Venting Methodologies for Fixed Roof Tanks
Normal inbreathing (bringing air or blanketing gas into the tank) and outbreathing (venting vapor or blanketing gas out of the tank) occur when product is pumped into or out of a tank, or when ambient temperature increases or decreases. Adding product to a tank compresses the vapor space and increases the vapor pressure. Similarly, increases in ambient temperature will heat the vapor and increase the pressure in the tank. If the pressure of the vapor in the tank increases too much, vapor will need to be vented to prevent damage. If vapor pressure decreases, due to product outflow or ambient temperature decrease, outside air or blanketing vapor will need to flow into the tank. This inflow of air will prevent the vapor pressure in the tank from creating a vacuum, which could damage the tank.
When a tank needs to vent vapor, or take in air, it can do so in several ways. The simplest of these is through an open vent at the top of the tank. This method does mean that the vapor space is in constant contact with the surrounding atmosphere, though, so it’s not recommended if the tank contains harmful vapors or if the product in the tank can be spoiled by contact with outside air.
Another way to vent, or take in vapor, is through a breather valve, also commonly referred to as a pressure-vacuum relief valve.
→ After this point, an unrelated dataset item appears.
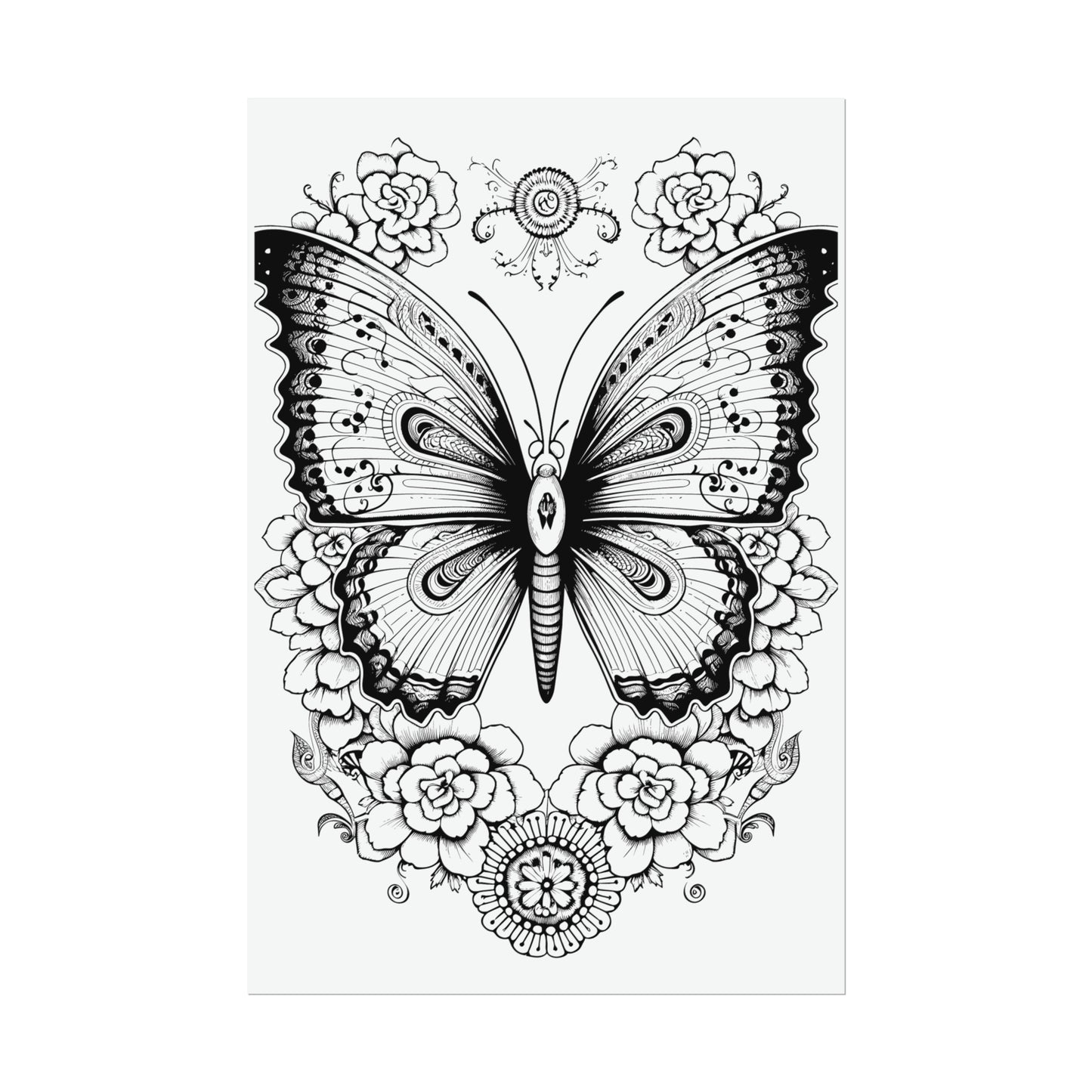 Butterfly Coloring Art Posters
A breather valve is a weight or spring-loaded valve that opens when pressure in the tank reaches a certain level. This limits the tank pressure to a safe level, while limiting the tank’s exposure to outside air. When the tank pressure drops below an acceptable level, this breather valve will open to allow outside air into the tank to prevent the pressure from decreasing further. For smaller required flow rates, certain types of hatches can also allow for selective breathing.
In the event of an emergency, the amount of vapor that needs to be vented from a tank can be much larger than the normal outbreathing amount. An example of an emergency would be a fire near the tank. A fire will quickly increase the temperature of the product in the tank and the pressure of the vapor space. To vent enough vapor to cover the emergency case, two methods can be used for fixed roof tanks. The first is an emergency vent. An emergency vent can be a weighted lid-style vent, which can be used to obtain low set points, or a hinged-style vent, which allows for excellent repeatability. Both types of emergency vents allow for the necessary venting in a worst-case scenario without damaging the tank or requiring replacement of parts. The second type emergency overpressure protection available for fixed roof tanks is a frangible roof. A frangible roof is a tank roof that’s designed to break off from the rest of the tank in an emergency condition. This protects the integrity of the tank, but it does mean that a new roof will need to be installed.